The type sig_atomic_t is always an integer data type, but which one it is, and how many bits it contains, may vary from machine to machine.

function>sig_atomic_t/function> This is an integer data type. Objects of this type are always accessed atomically.

In practice, you can assume that int and other integer types no longer than int are atomic. You can also assume that pointer types are atomic; that is very convenient. Both of these assumptions are true on all of the machines that the GNU C library supports and on all POSIX systems we know of.

Atomic Usage Patterns

Certain patterns of access avoid any problem even if an access is interrupted. For example, a flag which is set by the handler, and tested and cleared by the main program from time to time, is always safe even if access actually requires two instructions. To show that this is so, we must consider each access that could be interrupted, and show that there is no problem if it is interrupted.

An interrupt in the middle of testing the flag is safe because either it's recognized to be nonzero, in which case the precise value doesn't matter, or it will be seen to be nonzero the next time it's tested.

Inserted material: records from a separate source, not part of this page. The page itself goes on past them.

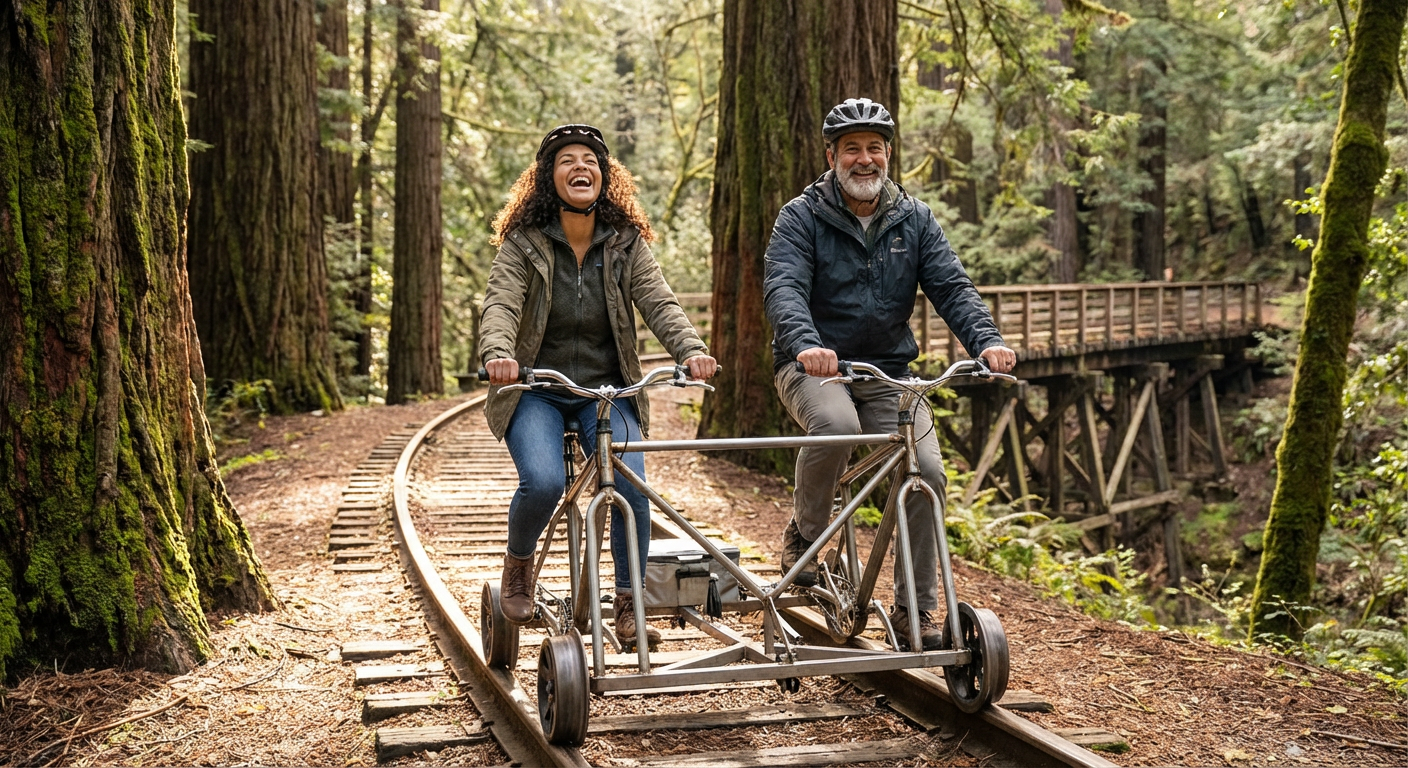 Pudding Creek Redwood Railbike Adventure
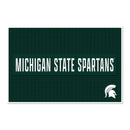 Michigan State Spartans Large 12" X 18" Molded PVC Bar Mat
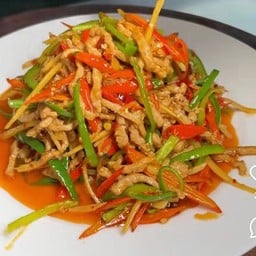 หมูผัดพริกหยวก 青椒猪肉丝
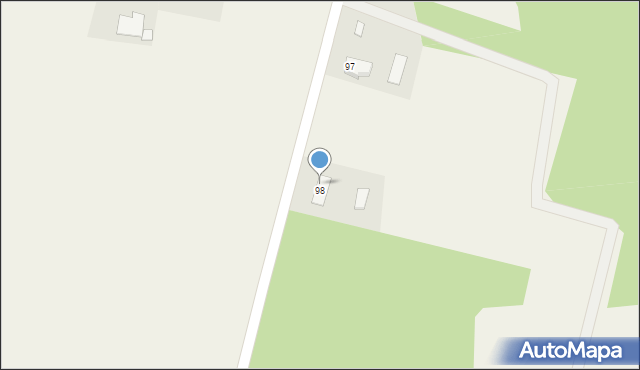 Gułów, Gułów, 98/1, mapa Gułów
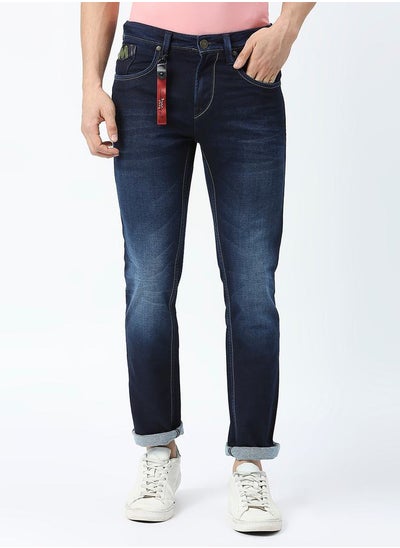 اشتري Mid Rise Low Fade Jeans with Button Closure في السعودية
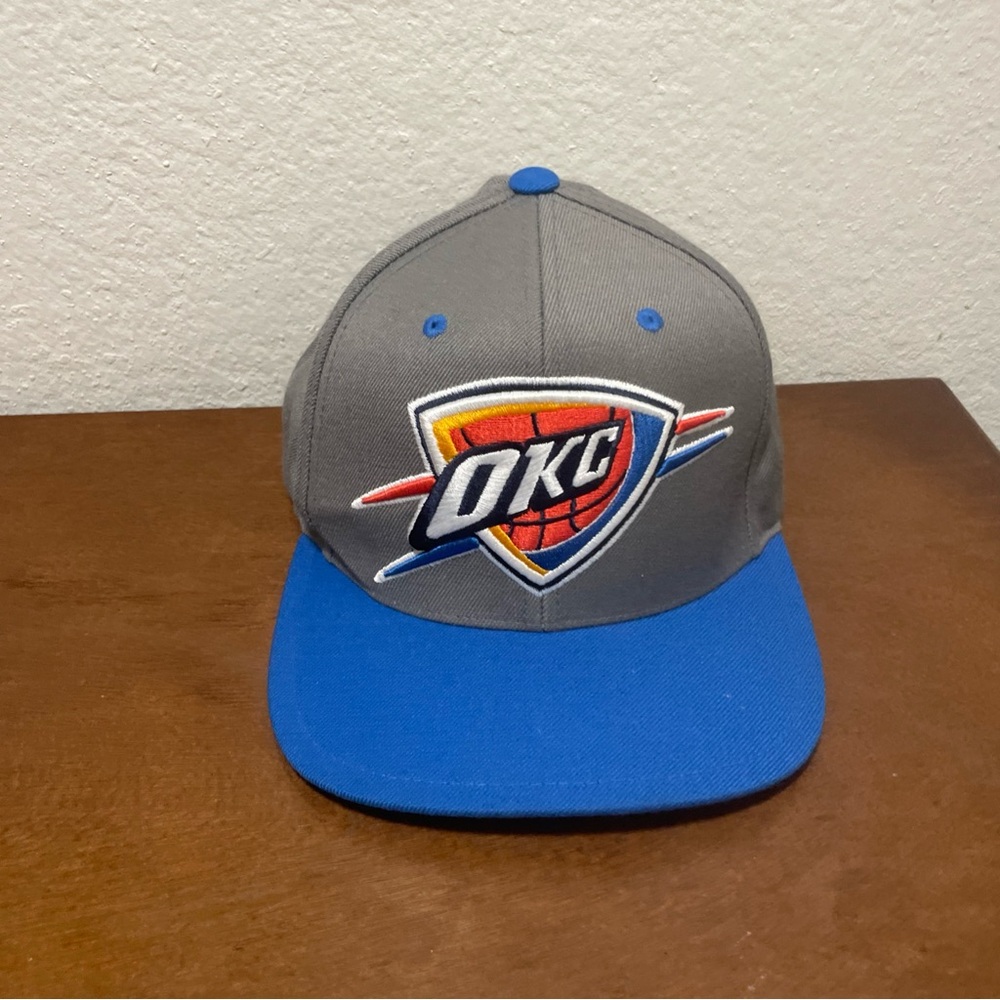 Mitchell & Ness Gray and Blue Cap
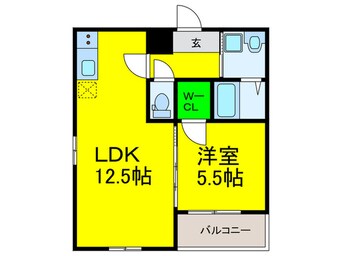 間取図 フジパレスフォ－ゲルⅤ番館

An interrupt in the middle of clearing the flag is no problem because either the value ends up zero, which is what happens if a signal comes in just before the flag is cleared, or the value ends up nonzero, and subsequent events occur as if the signal had come in just after the flag was cleared. As long as the code handles both of these cases properly, it can also handle a signal in the middle of clearing the flag. (This is an example of the sort of reasoning you need to do to figure out whether non-atomic usage is safe.)

Sometimes you can insure uninterrupted access to one object by protecting its use with another object, perhaps one whose type guarantees atomicity. the section called “Signals Close Together Merge into One”, for an example.